Eddy não demora a ter a ideia mirabolante de raptar o cadáver. Ora, Chaplin morou durante muitos anos na Suíça, estava enterrado pertinho deles e Osman precisava muito do dinheiro para pagar o tratamento da mulher. Um típico caso em que os fins justificariam os meios.

No lugar idílico que deveria servir de último descanso para Sir Charles Chaplin não é difícil roubar um cadáver. O que se segue é uma dramatização dos eventos reais: a investigação, as suposições, o pedido de resgate, a comoção generalizada, a descoberta dos sequestradores.

Nos noticiários vemos o drama dos imigrantes sírios que marcham por terras em guerra, e dos africanos que atravessam o Mediterrâneo nas piores condições. Considerando estes casos, o tema do filme se mostra mordaz e atual. Em uma situação de desespero extremo, as pessoas fazem coisas inimagináveis, como caminhar dezenas de quilômetros todos os dias, entrar em um barco abarrotado sem saber nadar ou roubar o cadáver do maior ícone do cinema mudo. São situações-limite, desesperadoras e que quase sempre desafiam a condição humana.

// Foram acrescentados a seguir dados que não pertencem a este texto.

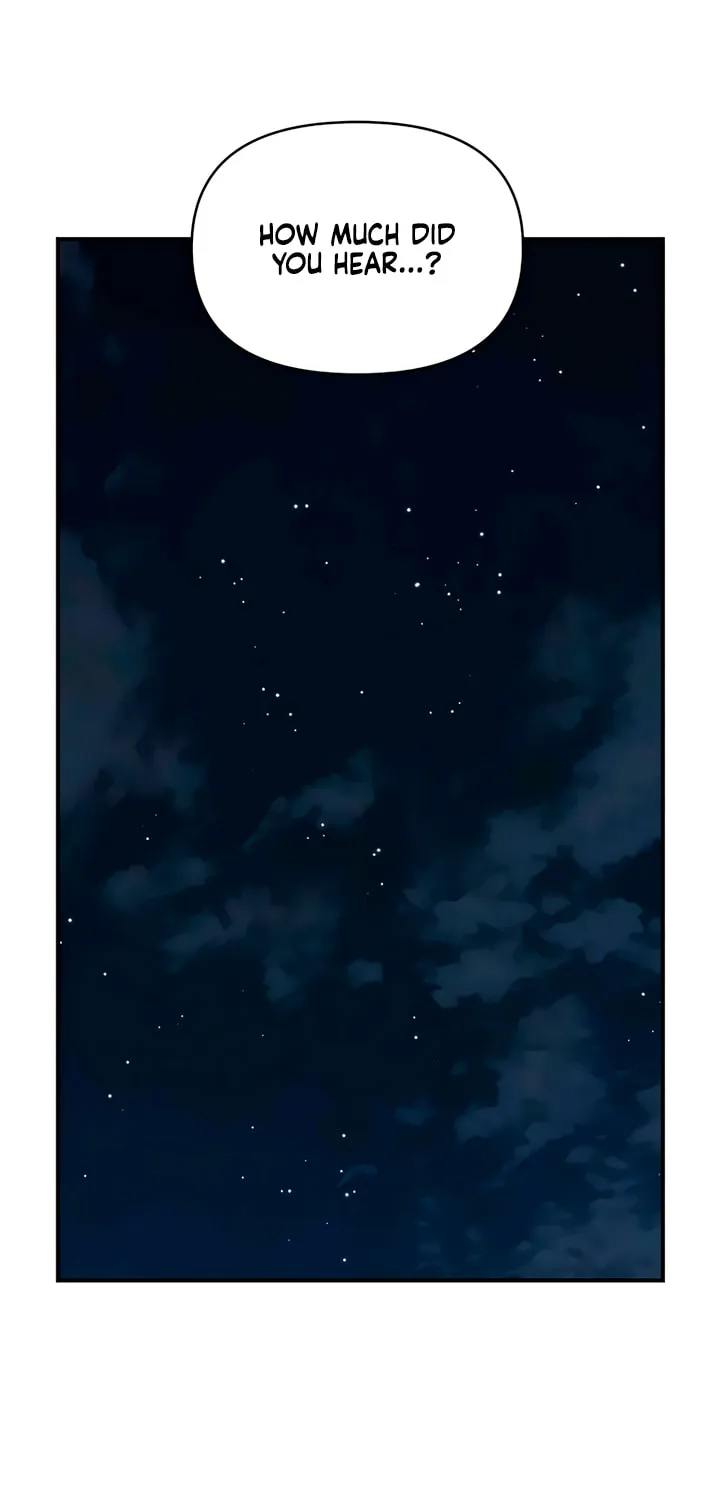Childhood Friend Complex — Chapter 66 — Page 52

A obra de Chaplin é invocada diversas vezes. A mais óbvia inclui a projeção de um trecho do curta-metragem “O Balneário / The Cure” (1917), que é exibido pela TV em homenagem ao astro recém-falecido. O efeito “filme dentro da televisão dentro do filme” é belo e emocionante para quem ama filmes mudos, mas nunca os viu na tela grande. Mas o universo chapliniano aflora mesmo quando Eddy e Osman conhecem Rosa (Chiara Mastroianni), dona de um circo charmoso. A partir de então “Limelight” (música-tema do filme “Luzes da Ribalta”, de 1952, composta por Chaplin e que deu ao artista seu único Oscar competitivo) invade a trilha sonora e dá um nó na garganta dos fãs mais ardorosos.

A crueza do ambiente em que vivem Osman e Eddy tem no circo um forte contraste. Eles saem de um barracão e entram em um mundo mágico, exatamente como acontece em muitos dos filmes do personagem vagabundo. E é esta a moral da história: nossos anti-heróis são muito parecidos com o mais famoso personagem de Charles Chaplin. E até nós, o público, dependendo das circunstâncias, nos assemelhamos ao vagabundo. É essa universalidade o ingrediente secreto para uma criação atemporal e tão adorada.

A produção conta com atores que despontam no cenário europeu e mundial, incluindo, além de Benoît e Roschdy, uma pequena participação de Nadine Labaki, Eugene Chaplin (filho de Charlie) e Dolores Chaplin (neta de Chaplin, interpretando a avó Oona O’Neil). Com uma atmosfera perfeita e algumas mudanças pontuais na história real, que de maneira alguma a descaracterizam, o diretor Xavier Beauvois cria um filme que, sem dúvidas, o próprio Chaplin aprovaria.